How to calculate $\lim \limits_{x \to \infty} \left[(x+a)^{1+\frac1x}-(x) ^{1+\frac{1}{x+a}}\right]$ How to calculate  $$\lim \limits_{x \to \infty} \left[(x+a)^{1+\frac1x}-(x) ^{1+\frac{1}{x+a}}\right]$$ 
The limit equals a but any hints for the method? 
 A: Let us consider $$A=(x+a)^{1+\frac1x}\qquad \text {and} \qquad B=(x) ^{1+\frac{1}{x+a}}$$
$$A=(x+a)^{1+\frac1x}\implies \log(A)=\left({1+\frac1x}\right)\log(x+a)$$ Using Taylor we then have
$$\log(A)=\log \left({x}\right)+\frac{a+\log
   \left({x}\right)}{x}+\frac{a-\frac{a^2}{2}}{x^2}+O\left(\frac{1}{x^3
   }\right)$$
$$A=e^{\log(A)}=x+a+\log \left({x}\right)+\frac{2
   \left(a-\frac{a^2}{2}\right)+\left(a+\log \left({x}\right)\right)^2}{2
   x}+O\left(\frac{1}{x^2}\right)$$
$$B=(x) ^{1+\frac{1}{x+a}}\implies \log(B)=\left({1+\frac{1}{x+a}}\right)\log(x)$$
$$\log(B)=\log \left({x}\right)+\frac{\log \left({x}\right)}{x}-\frac{a \log
   \left({x}\right)}{x^2}+O\left(\frac{1}{x^3}\right)$$
$$B=e^{\log(B)}=x+\log \left({x}\right)+\frac{-2 a \log \left({x}\right)+\log
   ^2\left({x}\right)}{2 x}+O\left(\frac{1}{x^2}\right)$$
$$A-B=a\left(1+\frac{1+2  \log
   \left({x}\right)}{x}\right)+O\left(\frac{1}{x^2}\right)$$
Trying with $x=10^6$ and $a=\pi$, the exact value would be $3.1416826014$ while the approximation leads to $3.1416826006$.
A: We can see two main things from a first glance at this problem.
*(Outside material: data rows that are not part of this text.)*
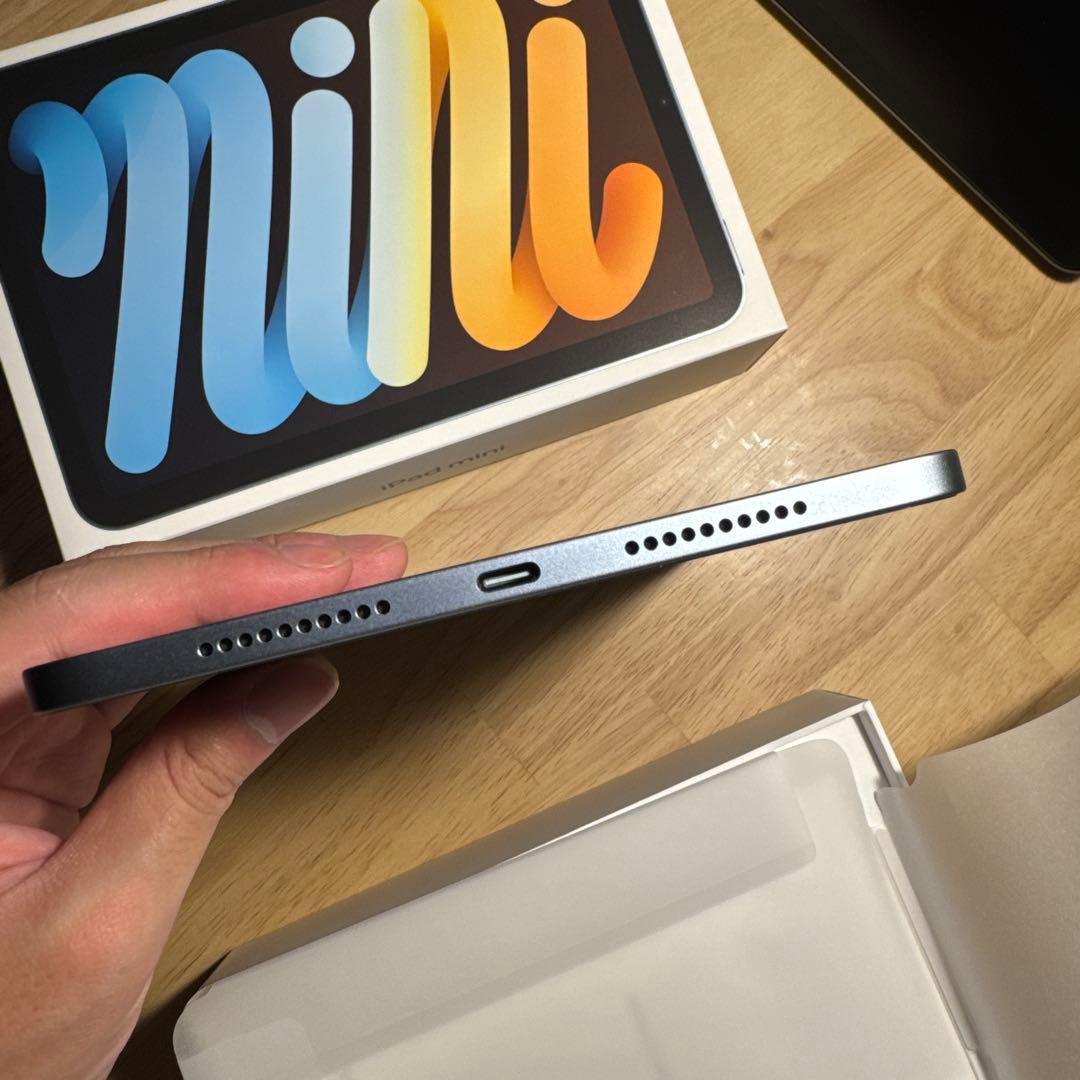 iPad mini 7世代 WiFiモデル + Pitakaケース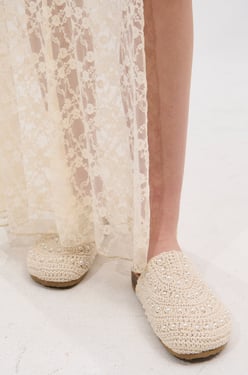 AKIRA Azalea Wang Mills Ivory Pearl Flat Shoes | Size 7
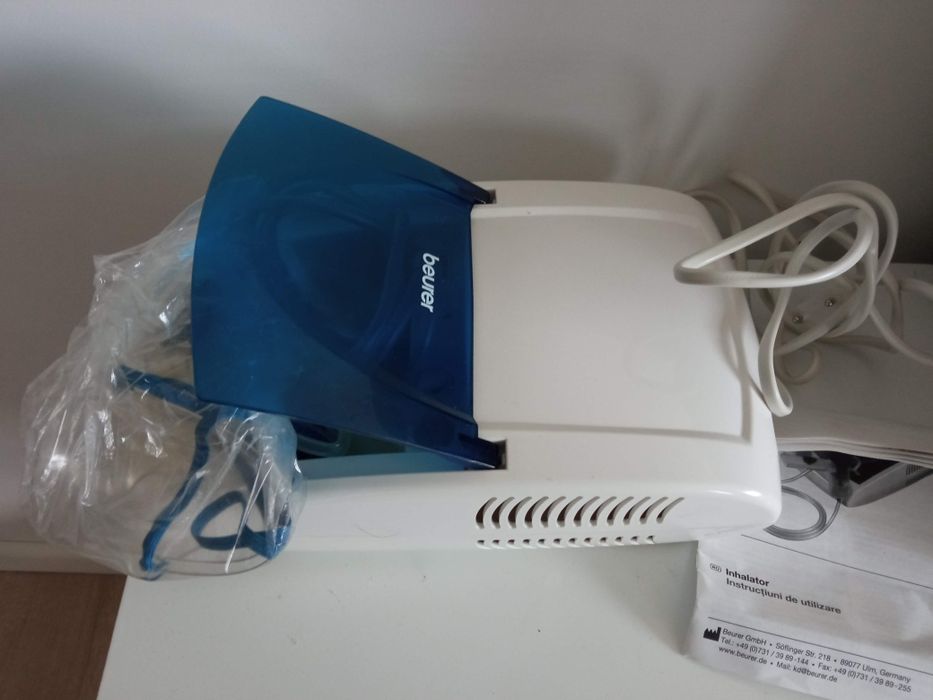 Vand inhalator/nebulizator cu aerosoli pentru copii sau adulți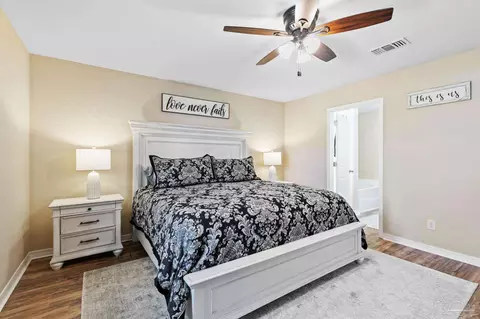 Bedroom - 3332 N Simmons Rd, Jay, FL 32565 photo 2 of 7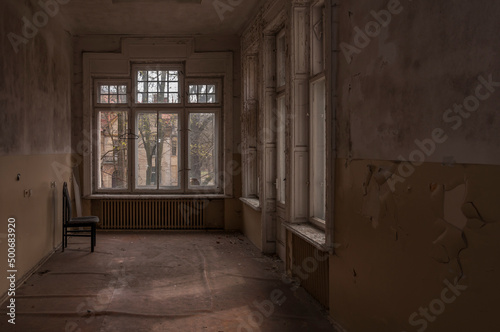 Urban exploration in an old abandoned hospital in a historic mansion in Poland - Urbex in Turczynek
The first is that both exponents approach $1$ equivalently. Even though the denominator has $a$, as $x$ gets very large, the fraction contained in the exponent approaches $0$ at the same rate. Secondly, knowing that the exponents go to $1$, we compare $x+a$ to $x$. Note that we can only compare them since both exponents are equivalent in the sense of a limit. Clearly, $x+a-x$ is $a$, so the final answer is $a$.